It is further clarified that inputs for manufacture of hand sanitizers are chemicals packing material, input services, which also attract a GST rate of 18%. Reducing the GST rate on sanitizers and other similar items would lead to an inverted duty structure and put the domestic manufacturers at disadvantage vis-a-vis importers. Lower GST rates help imports by making them cheaper. This is against the nation’s policy on Atmanirbhar Bharat. Consumers would also eventually not benefit from the lower GST rate if domestic manufacturing suffers on account of inverted duty structure.”
20. Regarding the contention about the impugned press release being an executive instruction under Article 73 of the Constitution, at least the impugned Press Release does not indicate that the same is issued or relatable to the exercise of powers under Article 73. This Article provides that subject to the provisions of the Constitution, the executive power of the Union shall extend to the matters with respect to which Parliament has power to make laws; and to the exercise of such rights, authority and jurisdiction as are exercisable by the Government of India by virtue of any treaty or agreement.
21. Admittedly, in this case, we are not concerned with the exercise of executive powers by the Government of India by virtue of any treaty or agreement. Therefore, even Mr Subir Kumar relied only on Article 73(1)(a), which states that the executive power of the Union shall extend to matters with respect to which Parliament has the power to make laws.
22. Article 77 of the Constitution provides that all executive actions of the Government of India shall be expressed to be taken in the name of the President. Orders and other instruments made and executed in the name of the President shall be authenticated in such manner as may be specified in rules to be made by the President, and the validity of an order or instrument which is so authenticated shall not be called in question on the ground that it is not an order or instrument made or executed by the President. The President has the power to make rules for the more convenient transaction of the business of the Government of India and for the allocation among Ministers of the said business.

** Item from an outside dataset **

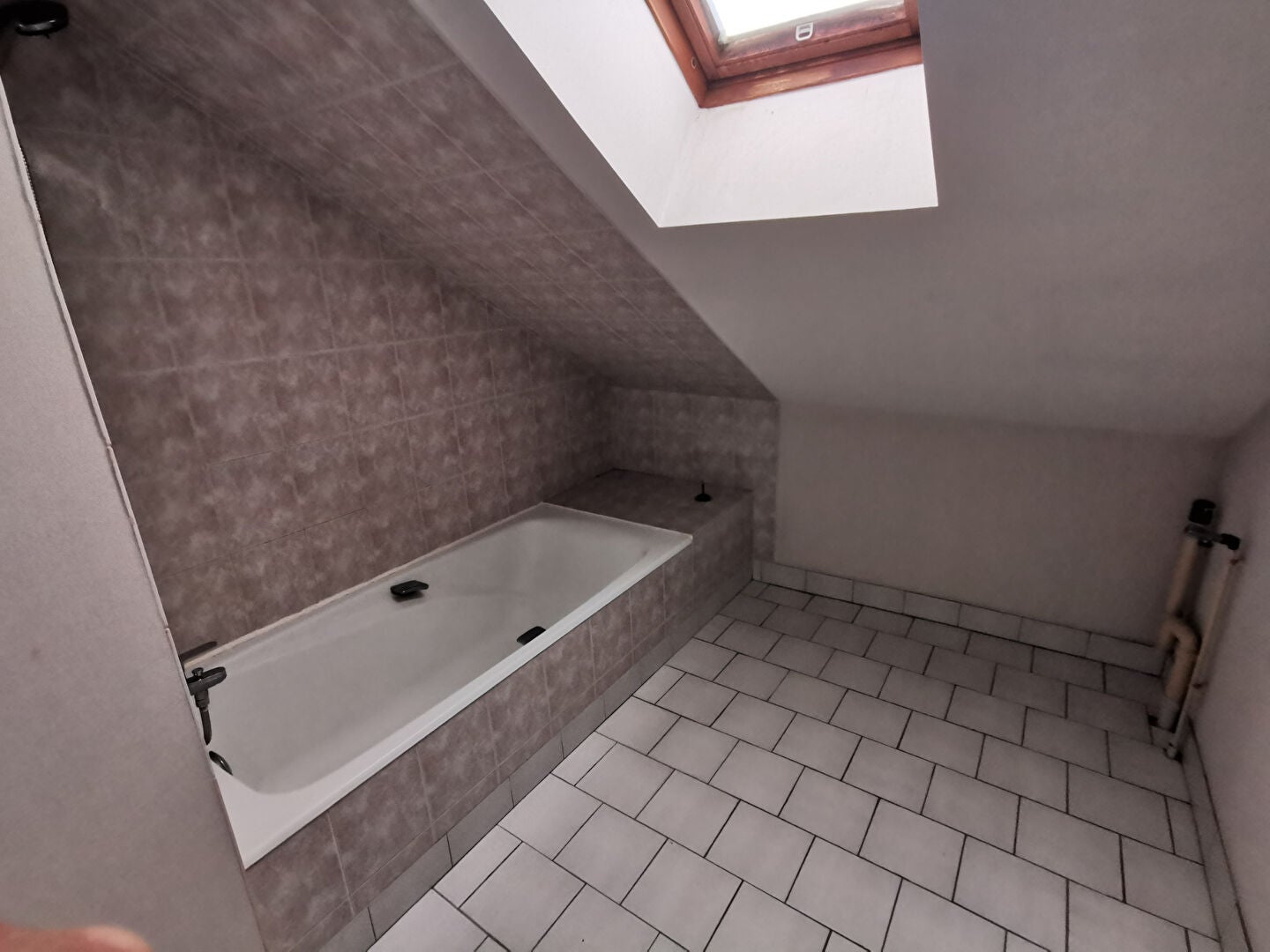 Appartement Grande Rue à Sablé-sur-Sarthe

23. As noted earlier, the impugned Press Release, does not indicate that the same is relatable to either Article 73 or Article 77 of the Constitution. Though that, by itself, may not be a ground to strike down the impugned Press Release, still, in the absence of any such indication or compliance with the provisions of Article 77 of the Constitution, we cannot simply accept that the impugned Press Release is indeed an instance of the exercise of executive power by the Union. In the absence of any compliance with the requirements of Article 77, the burden was on the Respondents to establish this aspect. The Respondents have failed to discharge this burden.

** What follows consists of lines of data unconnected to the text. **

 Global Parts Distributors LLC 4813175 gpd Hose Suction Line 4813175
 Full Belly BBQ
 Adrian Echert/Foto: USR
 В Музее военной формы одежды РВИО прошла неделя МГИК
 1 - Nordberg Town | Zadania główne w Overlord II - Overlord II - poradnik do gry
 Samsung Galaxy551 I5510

24. However, even though it is assumed that the impugned Press Release is an instance of the exercise of executive power by the Union still, the question is whether, in the purported exercise of such executive power, the Union is competent to direct judicial and quasi-judicial authorities to decide the issue of classification of products in a particular manner. We cannot lightly accept that the Union, in the exercise of executive power, has such authority because the issue of classification, which is essentially an issue of interpretation, must be undertaken by the various judicial and quasi-judicial adjudicatory authorities under the Statute. Though there may not be a very distinct line separating legislative and executive functions, still the line separating the judicial functions from the executive and legislative functions is fairly clear. The executive cannot transgress on the functions within the exclusive province of the judicial or even quasi-judicial authorities.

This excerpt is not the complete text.